Когда наступила полночь, он встал с своих кресел, вышел в соседнюю комнату, запер на ключ дверь, ведущую в переднюю, и возвратился на свое место; он недолго дожидался; опять раздался шорох, хлопанье туфелей, кашель старика, и в дверях показал<ась> его мертвая фигура. За ним подвигалась другая, но до того туманная, что Лугин не мог рассмотреть ее формы.
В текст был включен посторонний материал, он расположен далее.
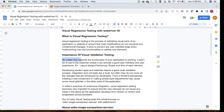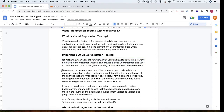No matter how correctly the functionality of an application is working, it won't be used by customers unless it provides a good user interface and user experience. If a customer is not feeling good about the UI or design, then the software we are building is of no use. That's why validating the visual elements of the website is very important, especially when working on an agile model where software changes frequently.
Старичок сел, как накануне положил на стол две колоды карт, срезал одну и приготовился метать, по-видимому, не ожидая от Лугина никакого сопротивления; в его глазах блистала необыкновенная уверенность, как будто они читали в будущем. Лугин, остолбеневший совершенно под магнетическим влиянием его серых глаз, уже бросил было на стол два полуимпериала, как вдруг он опомнился.
– Позвольте, – сказал он, накрыв рукою свою колоду.
Старичок сидел неподвижен.
– Что бишь я хотел сказать! – позвольте, – да! – Лугин запутался. Наконец сделав усилие, он медленно проговорил:
– Хорошо… я с вами буду играть – я принимаю вызов – я не боюсь – только с условием: я должен знать, с кем играю! Как ваша фамилия?
Старичок улыбнулся.
– Я иначе не играю, – проговорил Лугин, – и меж тем дрожащая рука его вытаскивала из колоды очередную карту.
– Что-с? – проговорил неизвестный, насмешливо улыбаясь.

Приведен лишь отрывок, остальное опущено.